# Golfe de Moribhan Brittany Yes or No?



## barryd (May 9, 2008)

Hi Folks

Our grand Tour De France continues and we are currently parked on a nice municiple in Chauvigny near Poitiers.

Tomorrow we are going to head up to Brittany for the last couple of weeks of the tour. We were going to head straight up to Dinan and then St Malo and along the north coast which we know and love. I wondered about diverting off to the Golfe de Moribhan which we missed out after Quiberon last year.

Is it worth a detour? Any recommendations appreciated. Will probably stay at Aires or cheap Municiples if anyone wants to make a recommendation.

Prefer free camping but we have discovered that these municiples are pretty good value. This one is about £7 for electric and water at the pitch and its very pleasant. Feel free to call me a tight Yorkshire man (again).

Cheers
Barry


----------



## randonneur (Jan 25, 2007)

If you are nearby go to Malestroit. It is the most beautiful place, cobbled streets and houses that overhang the pavements by the canal. Our friends live opposite the Lock-Keepers cottage and if you go over the little bridge there is an Aire on the righthand side. There is also an Aire outside the Municipal Campsite, this is very cheap and the showers and toilets are immaculate. It is a very easy walk into the centre of the town, 5 mins. If it was in a warmer part of France we would move there tomorrow. There is a Tourist Office in the centre of the town also.


----------



## barryd (May 9, 2008)

randonneur said:


> If you are nearby go to Malestroit. It is the most beautiful place, cobbled streets and houses that overhang the pavements by the canal. Our friends live opposite the Lock-Keepers cottage and if you go over the little bridge there is an Aire on the righthand side. There is also an Aire outside the Municipal Campsite, this is very cheap and the showers and toilets are immaculate. It is a very easy walk into the centre of the town, 5 mins. If it was in a warmer part of France we would move there tomorrow. There is a Tourist Office in the centre of the town also.
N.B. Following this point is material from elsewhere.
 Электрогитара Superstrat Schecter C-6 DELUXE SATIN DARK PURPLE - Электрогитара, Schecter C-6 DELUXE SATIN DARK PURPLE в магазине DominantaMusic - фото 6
Thanks for that, a quick look says its on the way over to Dinan from the coast so will maybe look it up, thanks.

Barry


----------



## DTPCHEMICALS (Jul 24, 2006)

La Trinite sur Mer and Carnac are not far from Quiberon.
The coast road from Carnac to La Trinite has a couple of spots we have seen used for wild campling on the coast side of the road.Just over the bridge. 47.57799 -3.037744
Along D768 to Quiberon there are lots of spots on the rhside of the road.
Aire at Carnac 47.58587 -3.08263

We have seen overnighters in the car park past the camp sites camping de la plage and camping de la baie.location 47.57181 -3.02622
Rue de Kervillen
The standing stones at Carnac are worth a visit.

Hope the axle is holdin out.

Dave p


----------



## barryd (May 9, 2008)

Thanks Dave for that really useful info.

Yep the Axle seems fine but I reckon the bikes on its last legs! We noticed oil leaking out of the back shocker weeks ago and when you drop it off the stand the back end bounces like a space hopper!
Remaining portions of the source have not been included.